Author picture

Confetti and Stars

Filastrocca Italiana, Italian Nursery Rhyme (translation mine) 

Buon giorno, Febbraio,
Dear February, hello,

che mangi frittelle
you, that eat fritters

che butti nell’aria
and up to the sky

coriandoli e stelle!
confetti and stars you throw!

In my house, Carnevale is serious business. For many years, however, I routinely forgot about it. As a US expat in Italy, Carnevale was always unexpected, and it was only once I had a child that I finally and fully understood its importance and place in Italian culture.  

As an American, I felt that with Halloween, a holiday now happily adopted into the Italian mainstream, I had given my all, and Carnevale never felt like it belonged to me because it simply wasn’t part of my childhood. In fact, it always took me by surprise, and I often found myself scrambling last minute since I hadn’t really factored it into the parenting experience in Italy. Once I was in the thick of it, however, I embraced the ritual and grew to love and look forward to it. 
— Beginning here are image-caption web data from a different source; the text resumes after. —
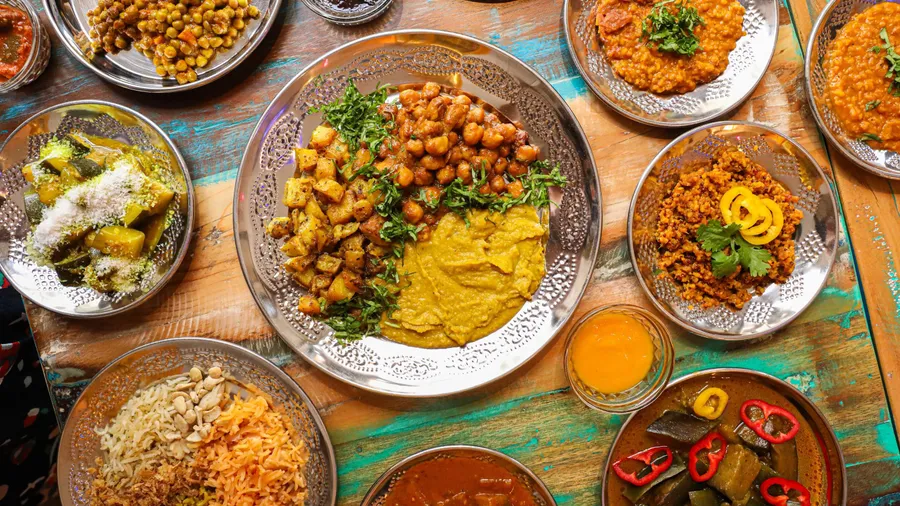 Un assortiment de plats indiens traditionnels disposés sur une table en bois coloré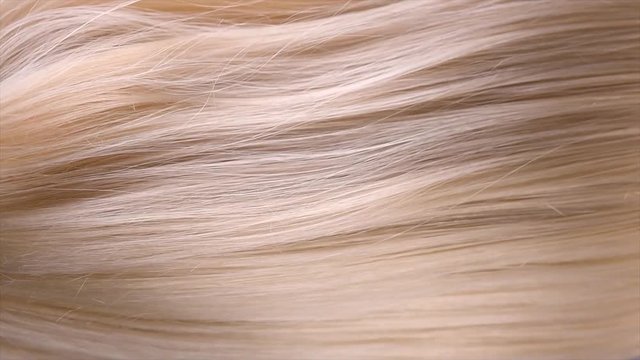 Hair. Beautiful healthy long straight blonde hair close-up texture. Dyed Wavy white blond hair background, coloring, extensions, cure, treatment concept. Haircare. Slow motion 4K UHD video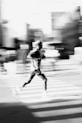 Man running across a crosswalk with motion blur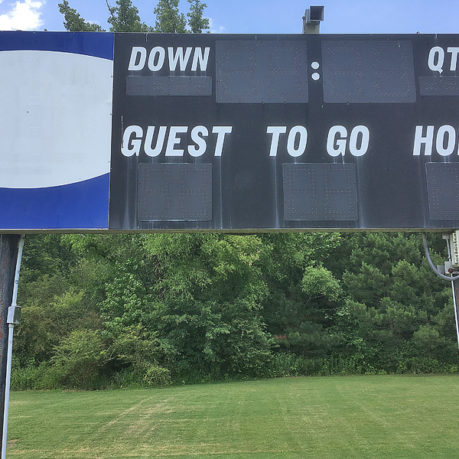 a scoreboard with a blue and white sign with white text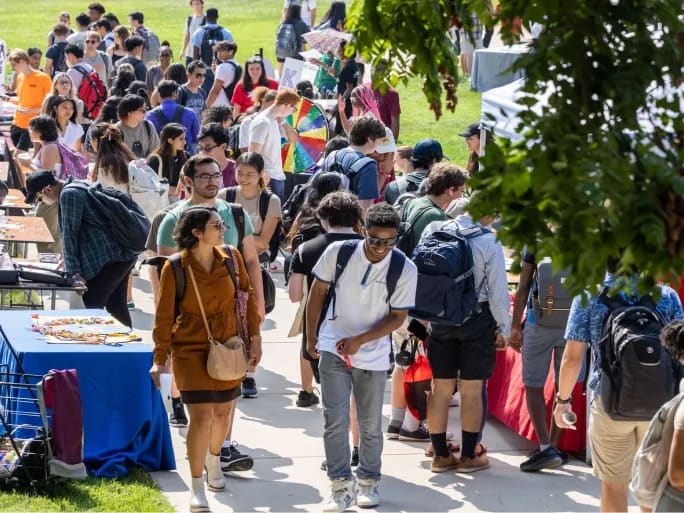 A crowd of students walking along a campus path past tables and booths at an outdoor fair on a sunny day.
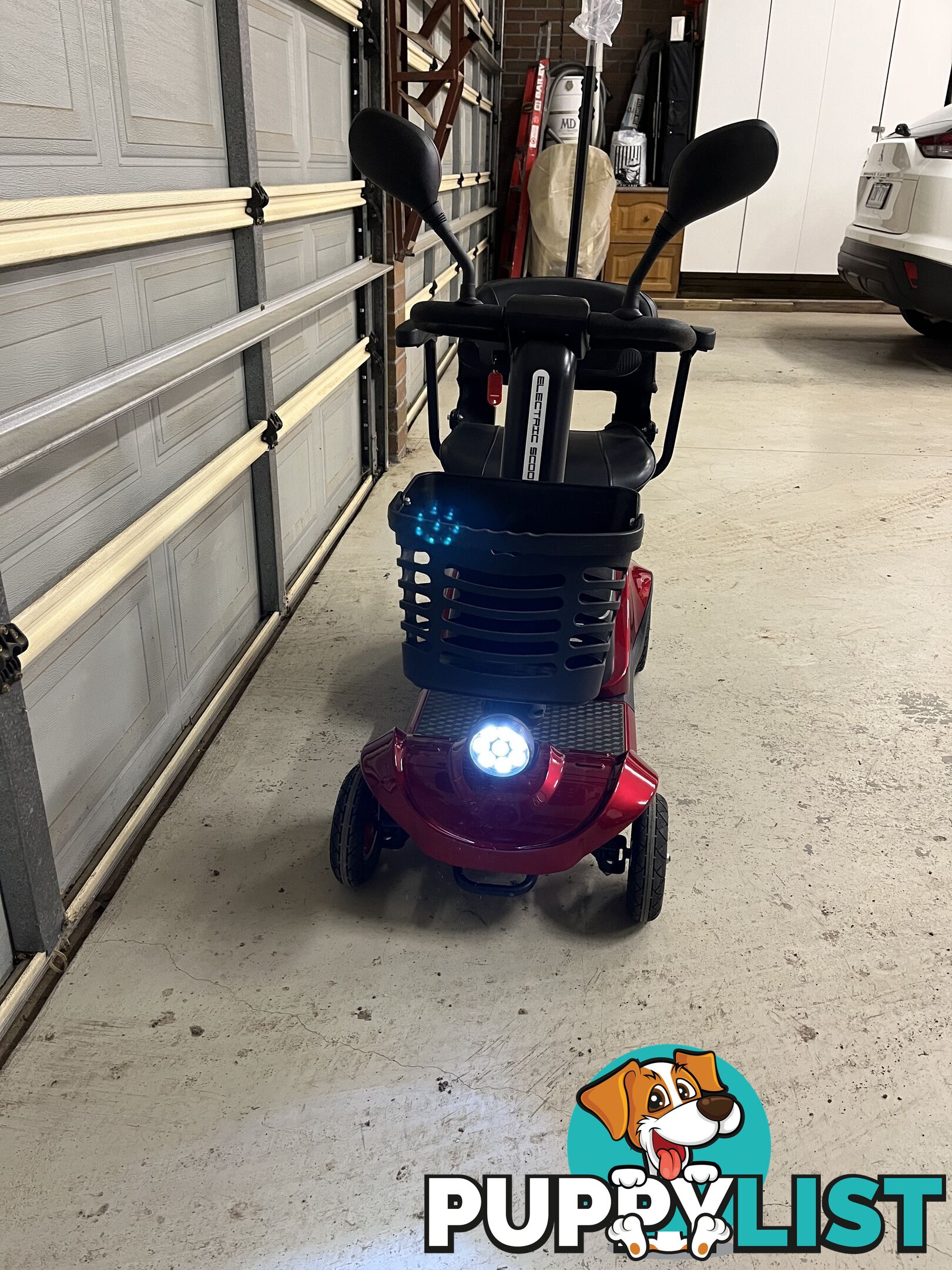 Red Mobility Scooter with Umbrella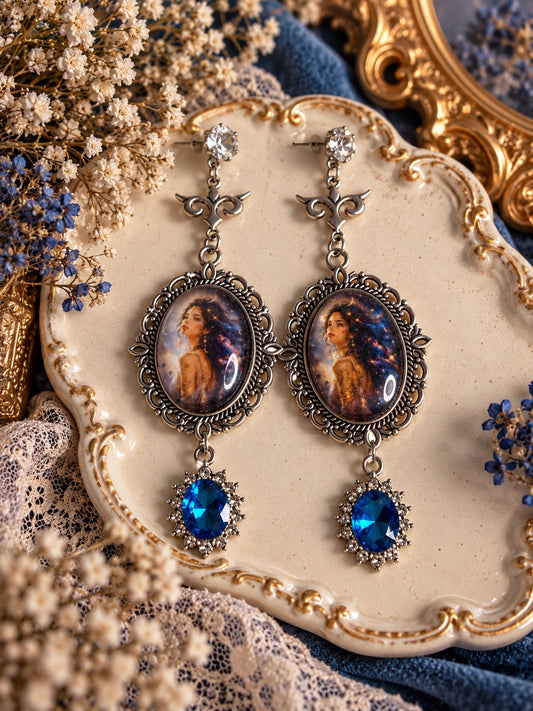 Long silver-tone earrings with celestial portrait cameos, clear stud tops and vivid blue oval decorative drops.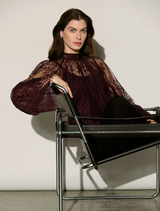 Scalloped lace trapeze top in elderberry with stand collar, keyhole back, and flounce cuffs for a refined silhouette.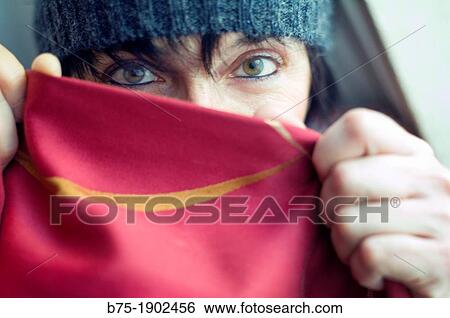 Stock Photograph - Spain, Woman covering her face and showing mystery look. Fotosearch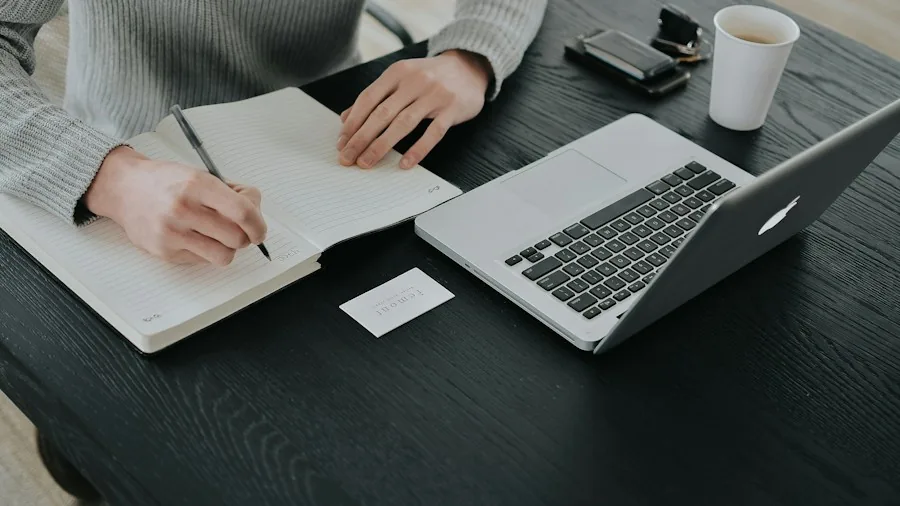 person working on laptop with notes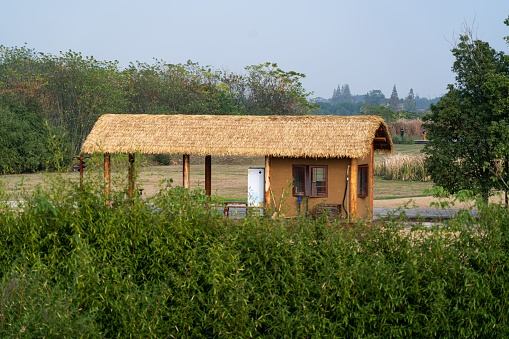 A small hut in the middle of the field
When Giada was small, February was a very busy social month. It involved intricate costumes, parties, parades, floats, and “confetti and stars” on the streets for weeks, well after Mardi Gras, often past Easter. 

Much more than a tradition, each year Carnevale becomes an integral part of the lives of Italians: it impacts the way they eat, socialize, celebrate, observe their faith, and present or masquerade themselves. It epitomizes the spectacle of Italian culture and Italian culture as spectacle. 

It is also very much about the food, especially the scrumptious confections that abound in pasticcerie, forni, and people’s homes (mine included). I don’t have a sweet tooth, but my partner does, and he also hails from the Veneto where Carnevale is so important that the schools close for two days in observance of the holiday. 

There are far too many incredible places in Italy to experience Carnevale and its magic to list here, so I’ll narrow in on one aspect of just one place and take you on a virtual tasting to Venice, whose Carnevale is among the most famous in the world. 

When you have a chance, do check out Italy’s many Carnevale traditions and locales. You can already understand the diversity and richness of the country’s Carnival culture by looking at the many names for the same sweet fried pastry dough you find across the country during the month of February: frappe, cenci, bugie, frappole, frittole, and crostoli

Here is Chef Luca’s family recipe for galani, as they are called in Venice and the Veneto. 

I Galani di Nonna Bruna


2 eggs, large and fresh

Sugar, half the weight of the eggs

Butter, same weight as the sugar, softened

Half a cup of moscato wine

Flour, a occhio (see below)

Mix eggs in a bowl, add the sugar, butter, and then the wine. Add the flour, a little at a time, and mix until smooth (it should resemble tagliatelle dough). Knead dough until it is shiny and bouncy.

Cover the dough with a clean dish towel and let it rest at room temperature for at least a half an hour.

Roll it out into very thin, 2-3 mm thick, 4×10 cm rectangles with a dough or pasta wheel.

Fry at 160-70 °C in sunflower or peanut oil until golden brown.

Lay out on parchment paper to absorb excess oil.  Once cool, dust with powdered sugar.